Ela ficou um tempo parada, apertando a minha mão, eu percebi que ela se forçou a não sorrir quando teve o ego massageado, mas logo depois ela viu que eu estava sendo sincero, que eu não estava fingindo toda aquela dor e frustração, ela finalmente havia percebido o que eu verdadeiramente significava na existência, o que a existência significava para mim e qual eram todas as minhas pretensões. O trágico mesmo, é que eu ainda tento descobrir o que ela descobriu, isso ajudaria muito. Ela então me abraçou e me beijou docemente na boca, como a muito tempo não o fazia, talvez guiada pelo excesso de sensualidade e selvageria que eram nossos encontros, ela demorou-se entre meus lábios e passou a mão nos meus olhos para fechá-los, eu quase pude prever o que viria, era um prenuncio de morte, ela fechou meus olhos para eu não morrer fitando o nada, o nada que eu sempre detestei, o nada que era minha obcessão.

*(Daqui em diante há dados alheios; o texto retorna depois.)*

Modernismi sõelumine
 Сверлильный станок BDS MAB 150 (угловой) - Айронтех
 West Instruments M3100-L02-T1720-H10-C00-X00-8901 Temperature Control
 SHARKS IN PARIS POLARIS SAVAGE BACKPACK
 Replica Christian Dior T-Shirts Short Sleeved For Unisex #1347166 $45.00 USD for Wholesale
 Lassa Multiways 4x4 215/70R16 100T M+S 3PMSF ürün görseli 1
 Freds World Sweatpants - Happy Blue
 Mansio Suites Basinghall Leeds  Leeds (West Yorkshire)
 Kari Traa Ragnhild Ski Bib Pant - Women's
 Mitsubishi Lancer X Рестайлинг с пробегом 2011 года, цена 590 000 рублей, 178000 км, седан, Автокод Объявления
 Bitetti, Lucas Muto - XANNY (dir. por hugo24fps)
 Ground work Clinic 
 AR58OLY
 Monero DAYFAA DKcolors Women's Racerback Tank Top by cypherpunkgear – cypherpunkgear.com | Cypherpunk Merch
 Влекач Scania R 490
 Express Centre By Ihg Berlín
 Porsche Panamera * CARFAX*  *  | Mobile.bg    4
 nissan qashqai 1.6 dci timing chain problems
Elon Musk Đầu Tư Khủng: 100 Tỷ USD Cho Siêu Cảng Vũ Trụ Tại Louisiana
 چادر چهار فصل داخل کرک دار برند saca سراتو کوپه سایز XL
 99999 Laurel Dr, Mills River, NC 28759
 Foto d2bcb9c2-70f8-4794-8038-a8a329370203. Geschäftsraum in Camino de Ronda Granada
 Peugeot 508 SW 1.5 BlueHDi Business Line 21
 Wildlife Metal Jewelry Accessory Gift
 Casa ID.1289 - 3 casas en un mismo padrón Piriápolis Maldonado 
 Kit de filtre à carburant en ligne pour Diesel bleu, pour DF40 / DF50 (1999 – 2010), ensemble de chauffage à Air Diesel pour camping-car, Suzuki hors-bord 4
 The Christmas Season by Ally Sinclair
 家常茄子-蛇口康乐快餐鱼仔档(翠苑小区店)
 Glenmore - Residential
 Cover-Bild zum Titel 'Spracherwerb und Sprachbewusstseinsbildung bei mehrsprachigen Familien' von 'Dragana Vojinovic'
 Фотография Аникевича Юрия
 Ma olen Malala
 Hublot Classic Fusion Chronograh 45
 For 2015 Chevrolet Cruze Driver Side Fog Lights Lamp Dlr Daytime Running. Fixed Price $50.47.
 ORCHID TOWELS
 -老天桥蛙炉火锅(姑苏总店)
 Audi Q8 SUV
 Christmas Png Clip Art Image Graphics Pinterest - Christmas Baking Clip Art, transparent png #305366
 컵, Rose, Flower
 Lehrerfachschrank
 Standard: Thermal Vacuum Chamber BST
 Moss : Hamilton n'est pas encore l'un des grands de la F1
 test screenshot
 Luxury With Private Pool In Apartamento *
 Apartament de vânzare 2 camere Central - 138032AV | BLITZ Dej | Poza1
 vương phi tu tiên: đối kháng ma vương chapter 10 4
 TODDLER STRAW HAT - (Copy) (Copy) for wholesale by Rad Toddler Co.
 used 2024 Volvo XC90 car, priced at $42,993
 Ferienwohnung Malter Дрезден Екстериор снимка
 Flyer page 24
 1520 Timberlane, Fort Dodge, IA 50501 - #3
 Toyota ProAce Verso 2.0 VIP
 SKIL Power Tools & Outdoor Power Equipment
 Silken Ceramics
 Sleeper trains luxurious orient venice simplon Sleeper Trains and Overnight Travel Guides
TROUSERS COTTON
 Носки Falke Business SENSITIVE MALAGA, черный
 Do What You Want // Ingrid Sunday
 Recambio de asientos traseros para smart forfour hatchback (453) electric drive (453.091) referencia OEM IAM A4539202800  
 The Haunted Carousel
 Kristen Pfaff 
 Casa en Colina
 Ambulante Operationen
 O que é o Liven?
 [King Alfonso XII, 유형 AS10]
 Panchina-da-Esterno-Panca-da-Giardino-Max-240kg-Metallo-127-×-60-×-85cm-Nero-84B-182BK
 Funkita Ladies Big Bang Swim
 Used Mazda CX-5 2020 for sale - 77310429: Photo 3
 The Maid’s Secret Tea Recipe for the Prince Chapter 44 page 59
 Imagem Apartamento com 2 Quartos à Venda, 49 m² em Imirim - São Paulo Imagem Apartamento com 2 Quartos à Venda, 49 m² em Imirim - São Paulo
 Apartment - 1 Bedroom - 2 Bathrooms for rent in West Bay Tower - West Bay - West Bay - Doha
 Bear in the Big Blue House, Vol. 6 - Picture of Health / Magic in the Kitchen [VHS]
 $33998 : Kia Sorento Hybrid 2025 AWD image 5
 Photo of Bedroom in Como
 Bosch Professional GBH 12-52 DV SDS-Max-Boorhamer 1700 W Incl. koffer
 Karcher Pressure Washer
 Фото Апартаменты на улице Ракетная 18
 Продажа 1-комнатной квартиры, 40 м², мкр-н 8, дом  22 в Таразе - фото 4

Sua fala foi antecedida de um suspiro de choro.
Então ela foi lacônica:
- Eu jamais te faria feliz. Eu jamais conseguiria fazer o que você faz.
Então suas lagrimas, incessantes como as gotas de chuva lá fora, um pouco mais quentes que essas, umidecendo meu casaco, e como sempre acontecera, seu cheiro adocicado se impregnou em mim me marcando naquele dia, me marcando para o resto dos meus dias, um sinal do que um dia ela foi minha e eu fui dela, um sinal que contra todas as expectativas e todas as probabilidades, nós conseguimos ludibriar o destino por alguns meses; eu, o garoto malvado, amaldiçoado com um destino trágico, fui um só, varias vezes, com a garota que poderia se passar perfeitamente por um anjo. Pela lei do equilibrio, algo seria tomado de mim, algo grande, por eu ter criado tantos paradoxos, de nenhuma maneira eu era merecedor da dádiva que eu estava recebendo e esse foi um dos motivos do fim, covardia perante as consequências de meus atos, covardia perante as retribuições do universo.